PROBLEM TO SOLVE - From the records that follow, return exactly the lines beginning at the one that contains "Marks and Spencer" and ending at the one that contains "Ideal Lux 132976", pictures left out.

EXTRACTED ENTRIES -
============================================================

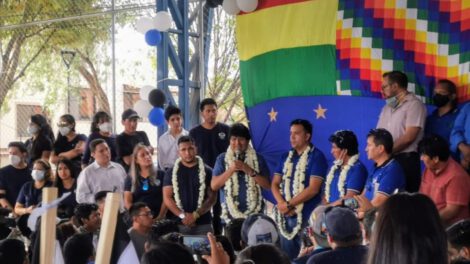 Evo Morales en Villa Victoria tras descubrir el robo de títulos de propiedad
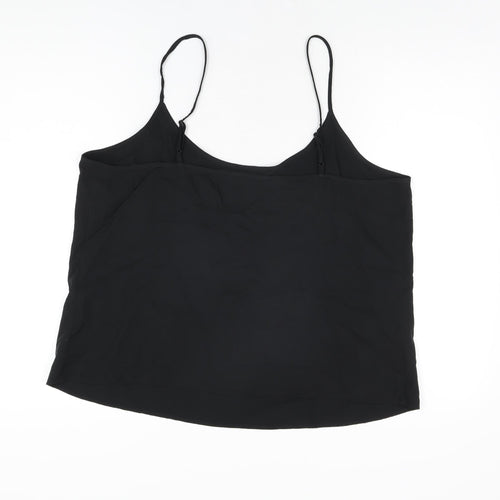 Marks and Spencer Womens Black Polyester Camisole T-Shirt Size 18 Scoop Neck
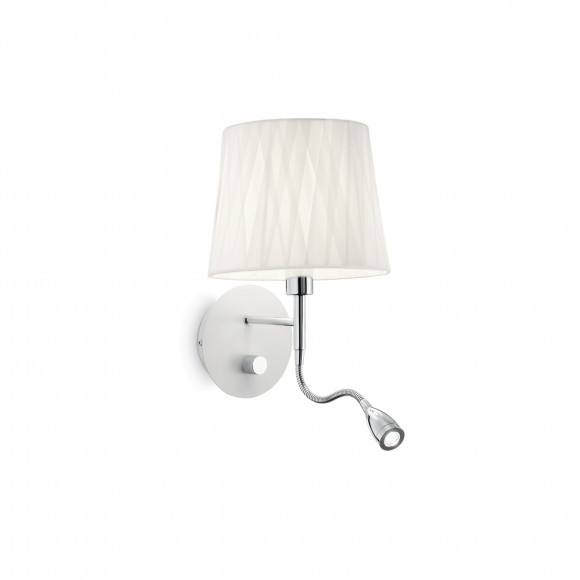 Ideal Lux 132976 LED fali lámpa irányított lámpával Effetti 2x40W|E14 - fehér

============================================================

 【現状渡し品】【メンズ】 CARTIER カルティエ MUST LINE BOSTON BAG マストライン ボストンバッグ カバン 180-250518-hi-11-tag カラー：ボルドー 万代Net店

============================================================

TASK ANSWER -
 Marks and Spencer Womens Black Polyester Camisole T-Shirt Size 18 Scoop Neck
 Ideal Lux 132976 LED fali lámpa irányított lámpával Effetti 2x40W|E14 - fehér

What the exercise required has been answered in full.